Captioned web images
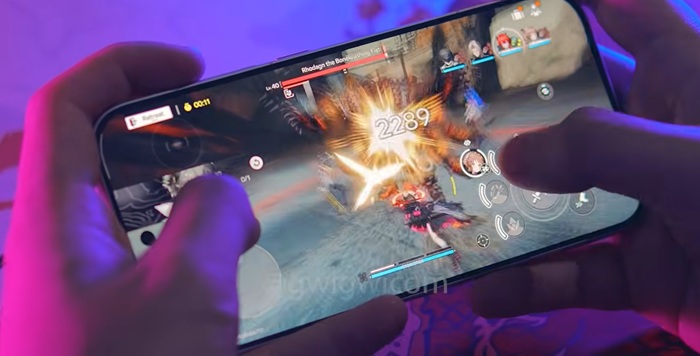 Review Poco X8 Pro Indonesia: Smartphone 4 Jutaan Rasa Flagship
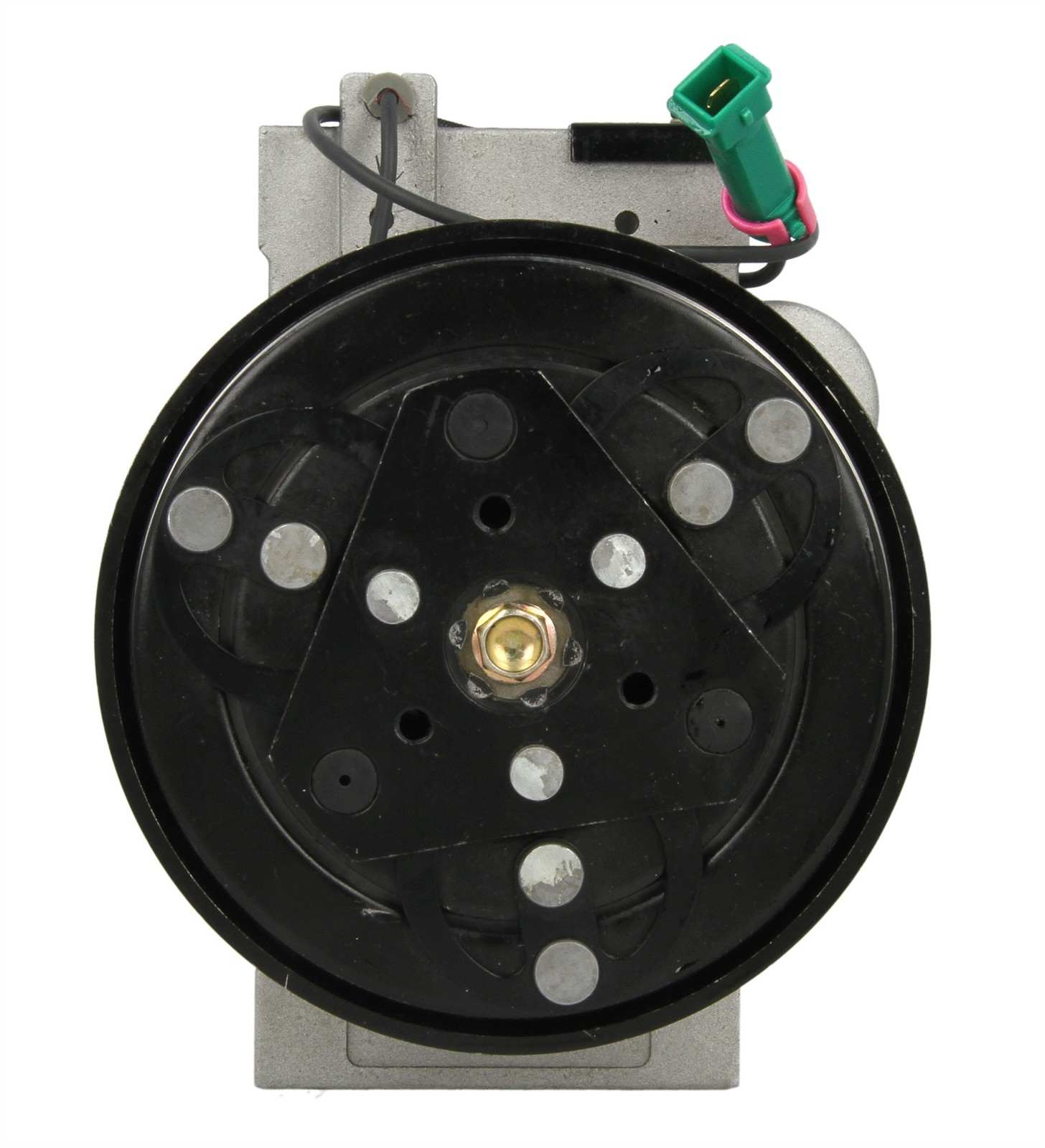 Nissens A/C Compressor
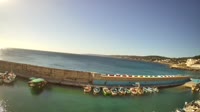 Castro - Harbour
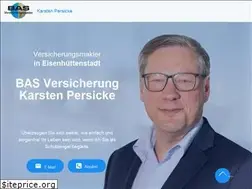 Sites similar to bas-makler.de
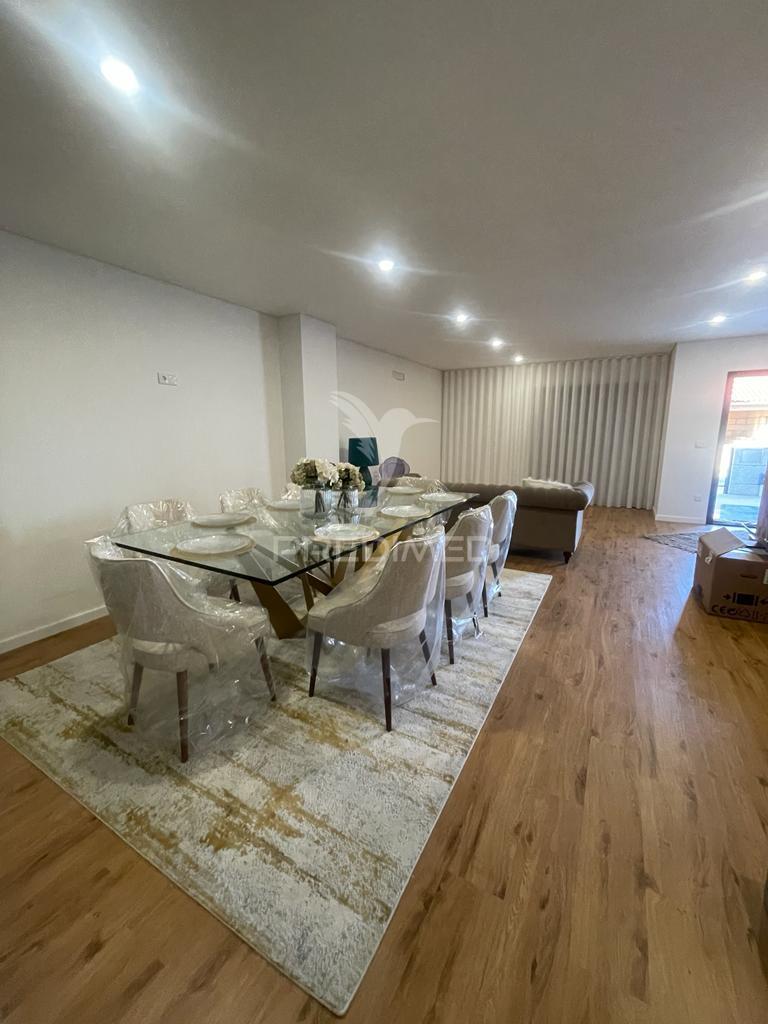 Moradia t3 de luxo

> _Goal of the exercise_
Leave out the pictures and set down all of the data exactly.

> _Final answer_
 Review Poco X8 Pro Indonesia: Smartphone 4 Jutaan Rasa Flagship
 Nissens A/C Compressor
 Castro - Harbour
 Sites similar to bas-makler.de
 Moradia t3 de luxo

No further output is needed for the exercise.